Retrieving EPLD versions... Please wait.

Images will be upgraded according to following table:
Module Type EPLD Running-Version New-Version Upg-Required
------ ---- ------------- --------------- ----------- ------------
1 SUP Power Manager SPI 34.000 37.000 Yes
1 SUP IO SPI 1.012 1.013 Yes
The above modules require upgrade.
Do you want to continue (y/n) ? [n] y

Starting Module 1 EPLD Upgrade
Module 1 : Power Manager SPI [Upgrade Started ]
Module 1 : Power Manager SPI [Erasing ] : 100.00%
Module 1 : Power Manager SPI [Programming ] : 100.00% (1464788 of 1464788 total bytes)
Module 1 : IO SPI [Upgrade Started ]

Date: 2014-12-23 22:46:43 UTC
vac1-1-n7 is UP again. We had to make multiple modifications on the configuration then reload all of it .. fun on chocolate bar ..

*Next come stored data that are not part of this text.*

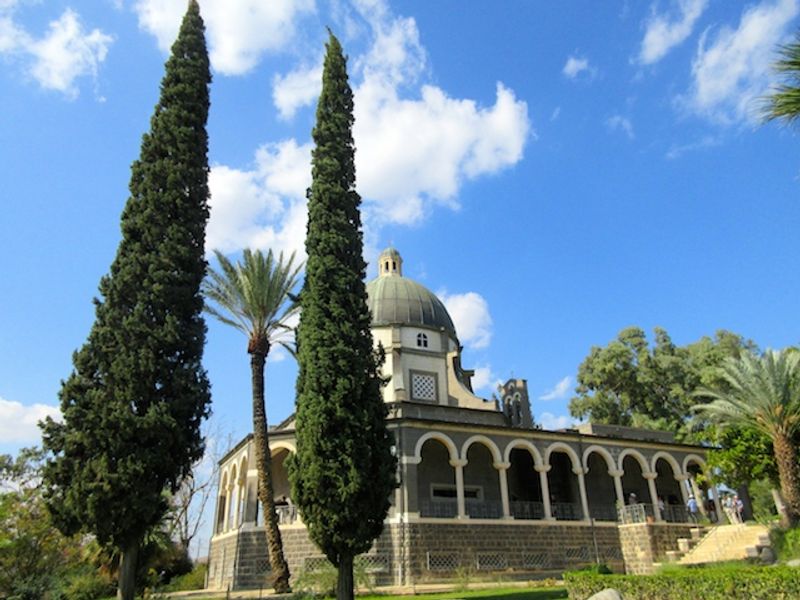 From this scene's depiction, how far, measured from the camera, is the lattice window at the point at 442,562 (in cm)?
2088

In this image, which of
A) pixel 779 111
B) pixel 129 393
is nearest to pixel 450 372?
pixel 129 393

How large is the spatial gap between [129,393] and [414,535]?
11.6 m

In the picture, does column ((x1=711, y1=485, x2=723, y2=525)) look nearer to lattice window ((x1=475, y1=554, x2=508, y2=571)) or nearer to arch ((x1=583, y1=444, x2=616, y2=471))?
arch ((x1=583, y1=444, x2=616, y2=471))

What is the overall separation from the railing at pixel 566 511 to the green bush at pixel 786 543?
7844 mm

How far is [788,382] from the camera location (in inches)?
790

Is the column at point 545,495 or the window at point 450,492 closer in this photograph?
the column at point 545,495

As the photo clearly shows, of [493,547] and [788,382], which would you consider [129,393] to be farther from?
[788,382]

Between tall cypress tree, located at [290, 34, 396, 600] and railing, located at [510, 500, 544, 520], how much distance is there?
472 inches

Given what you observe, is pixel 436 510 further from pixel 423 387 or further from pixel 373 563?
pixel 423 387

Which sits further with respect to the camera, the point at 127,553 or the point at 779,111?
the point at 127,553

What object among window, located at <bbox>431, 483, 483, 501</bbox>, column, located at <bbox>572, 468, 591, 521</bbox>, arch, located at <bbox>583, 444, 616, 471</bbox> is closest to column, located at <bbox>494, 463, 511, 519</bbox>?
window, located at <bbox>431, 483, 483, 501</bbox>

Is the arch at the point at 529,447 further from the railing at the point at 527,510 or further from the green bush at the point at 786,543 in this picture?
the green bush at the point at 786,543

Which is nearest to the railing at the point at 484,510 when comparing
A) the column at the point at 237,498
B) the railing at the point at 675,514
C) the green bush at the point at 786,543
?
the railing at the point at 675,514

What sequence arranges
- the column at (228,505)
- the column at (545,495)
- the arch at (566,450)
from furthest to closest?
the column at (228,505) < the arch at (566,450) < the column at (545,495) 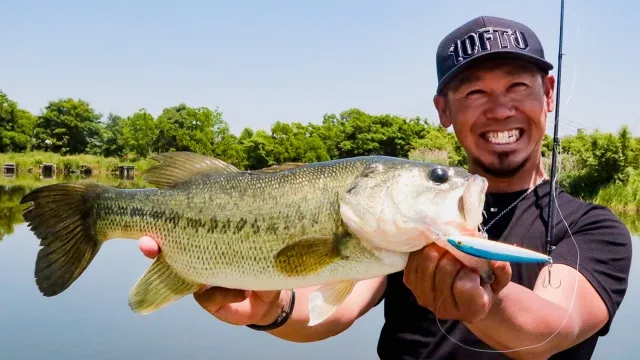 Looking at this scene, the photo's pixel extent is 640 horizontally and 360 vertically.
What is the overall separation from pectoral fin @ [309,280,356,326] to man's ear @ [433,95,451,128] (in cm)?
131

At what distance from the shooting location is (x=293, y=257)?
2.35 meters

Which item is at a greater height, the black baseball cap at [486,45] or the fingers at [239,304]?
the black baseball cap at [486,45]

It is started for 8.2.10 and we will achieve the task ..

Date: 2014-12-23 20:20:00 UTC
Card 8 seems to have problems after the crash. LACP problems may be a consequence.

We will proceed to unplug/plug the card in the chassis.

Date: 2014-12-23 19:40:23 UTC
The set of modules are in version 6.2.8a. However, we still have LACP problems.

We are launching an issue in order to move from version 6.2.8a to version 6.2.10.

Date: 2014-12-23 19:34:10 UTC
A VDC is not sending its LACP packs due to an issue failure.

We will launch a second issue in order to properly update module 8.

Date: 2014-12-23 18:26:19 UTC
The moment of truth: we will shift the VAC1 in ISSU (6.2.2 to 6.2.8a and 6.2.10)

Date: 2014-12-23 15:36:18 UTC
All the necessary files to be debuged were taken. We try to reapply the settings and restart conf to return to a stable state.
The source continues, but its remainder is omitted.